Необходимо, наконец, обратить внимание и на еще одно обстоятельство, затрагивающее тему пира, но оставшееся за пределами приведенных выше эпизодов. Оба эпизода запечатлели вершинные моменты пира – торжественный выход королевы (612. / Ēode Wealhþēow forð) и короля (1008– 1009. / þā wæs sæl ond mæl, // þæt tō healle gang / Healfde nes sunu), подношение пиршественной чаши (624) и золоченого стяга (1020—1021). Это парадная и позитивная сторона пира. Но не забудем, что первому эпизоду непосредственно предшествует пространная сцена перебранки Беовульфа и Унферта (дружинник Хродгара, своего рода антигерой первой части поэмы).
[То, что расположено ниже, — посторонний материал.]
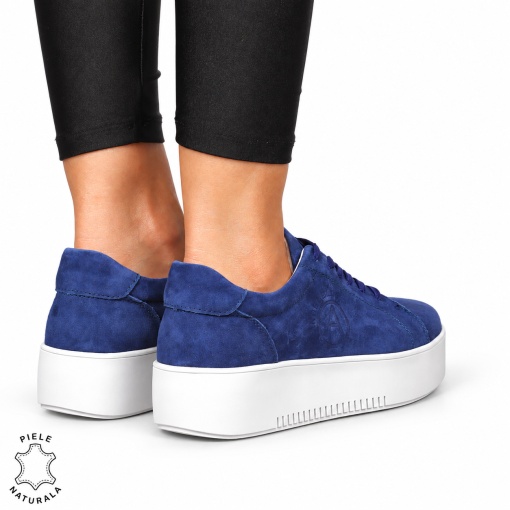 Pantofii casual din piele naturala INTOARSA CU SIRET LF1455 BEJ - Img 3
А непосредственно за вторым эпизодом следует так называемый Финнсбургский эпизод – исполняемая сказителем песнь о распре между фризами и данами, разгоревшейся на пиру в палатах короля фризов Финна и стоившей жизни главным ее участникам (1063—1159). Финнсбургский эпизод, вклинивающийся в сцену пира в Хеороте, бросает и на нее драматический от свет. От внимания исследователей не укрылось, что сцена эта содержит намеки на непрочность мира в самом доме Скюльдингов. Насколько можно понять из этих намеков, после смерти Хродгара его племянник Хродульф (знаменитый Хрольв Краки скандинавской традиции) силой захватит датский престол, лишив наследства, а может быть, и жизни сыновей Хродгара и Веальхтеов. В строках 1164– 1165 сказано: «Был тогда еще их род сплочен, // один другому верен». В приведенном же выше эпизоде поэт соединяет Хродгара и Хродульфа парной формулой (1017), но затем следует многозначительный комментарий: «В те времена (þenden) не совершали предательств великие Скюльдинги». Наконец, за обеими сценами пира следуют, оправдывая известную формулу wōp efter wiste «плач после пира», кровавые сцены нападения на Хеорот чудовищ – Гренделя и его матери.